Also nach Möglichkeit einfach mal ausprobieren.


----------



## Faxe007 (28. Dezember 2015)

Es vergessen viele (ohne FreeSync oder GSync) dass 40 fps viel besser auf einem 144 Hz Monitor aussehen als auf einem 60 Hz Monitor


----------



## hugo-03 (28. Dezember 2015)

Yoshi-M schrieb:


> Ich spiele ebenfalls BF4, und bin von Ultra runter, da ich in High keinen bis nur minimalen Unterschied sehe, aber dafür meine FPS konstant hoch halte. So verschieden können die Eindrücke wohl sein.
> Der eine Sieht keine/kaum Unterschiede, der andere jedoch deutliche.
> Diejenigen, denen in High/Medium noch genügend Details vorhanden sind, für diejenigen lohnt sich auch mehr wie FHD bzw. 144Hz.
> 
> https://geizhals.de/steinberg-ur242-a1242793.html


wie gesagt es war ein mix aus med/high settings und kein hbao+ usw.
das sieht man schon deutlich, meine alte graka war nur eine 280 (non x) mehr ging da nicht bei FHD.


----------



## Yoshi-M (28. Dezember 2015)

Ich hab es gerade mal mit einem typischen "FPS-Shooter" (BF4) ausprobiert. 
Wohlgemerkt, ich habe nur eine einzige Grafikkarte, somit kein SLI, habe auf 1440p gestellt, und die Einstellungen auf Hoch/Ultra gestellt.

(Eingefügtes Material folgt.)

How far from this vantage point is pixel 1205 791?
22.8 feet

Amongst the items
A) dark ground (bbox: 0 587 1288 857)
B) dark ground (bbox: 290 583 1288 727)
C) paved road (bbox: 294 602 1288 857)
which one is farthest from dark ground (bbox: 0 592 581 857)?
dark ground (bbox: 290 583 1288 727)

Ich bin geschmeidig über den 144 FPS, (~150 bis 160 FPS) 
Und wenn ich jetzt alles auf "Hoch" statt "Ultra" stelle, schieße ich rauf ans 200 FPS-Limit des Spiels.
Klar hab ich jetzt eine 980ti, aber so viel schlechter ist eine 980 oder meinetwegen R9 390 auch nicht, als dass sich ein solcher Monitor nicht lohnen würde.

1440p + 144Hz + Hoch/Ultra ist also auch ohne High End SLI möglich.

Edit: 
Noch eine zusätzliche Anmerkung: ich habe in einem vorherigen Post ein Video verlinkt, in dem man recht gut sieht, dass es wirklich nicht unbedingt immer "Ultra" sein muss.
Wenn ich jetzt nur eine R9 390 hätte, würde ich mich dennoch für einen 1440p 144Hz Monitor entscheiden, und statt wie hier auf Hoch/Ultra eben nur noch auf Mittel/Hoch spielen.

Spiele sehen mMn. einfach in hohen Auflösungen und dafür etwas weniger Details besser aus, als auf FHD und dafür Ultra.
(Dass je höher die Auflösung ist, man auch weniger leistungsfressendes AA benötigt, kommt noch dazu)


----------



## hugo-03 (28. Dezember 2015)

Yoshi-M schrieb:


> Ich hab es gerade mal mit einem typischen "FPS-Shooter" (BF4) ausprobiert.
> Wohlgemerkt, ich habe nur eine einzige Grafikkarte, somit kein SLI, habe auf 1440p gestellt, und die Einstellungen auf Hoch/Ultra gestellt.
> 
> Ich bin geschmeidig über den 144 FPS, (~150 bis 160 FPS) und wenn ich jetzt alles auf "Hoch" statt "Ultra" stelle, schieße ich rauf ans 200 FPS-Limit des Spiels.
> ...


bei mir ist mit mantle und der 390x ca 90~130 FPS bei Ultra und FHD, bei DX habe ich zwar mehr max FPS aber auch weniger mindest FPS. das ganze halt im multiplayer (da war die grafik etwas anders), dazu kommt ja noch das du wie du sagst eine 980ti benutz, die ja auch richtung 700~800€ kostet. was ich ja im start post geschrieben habe das es mit karten unter 500€ sehr eng wird und ja bf 4 jetzt auch nicht mehr das neuste spiel ist.  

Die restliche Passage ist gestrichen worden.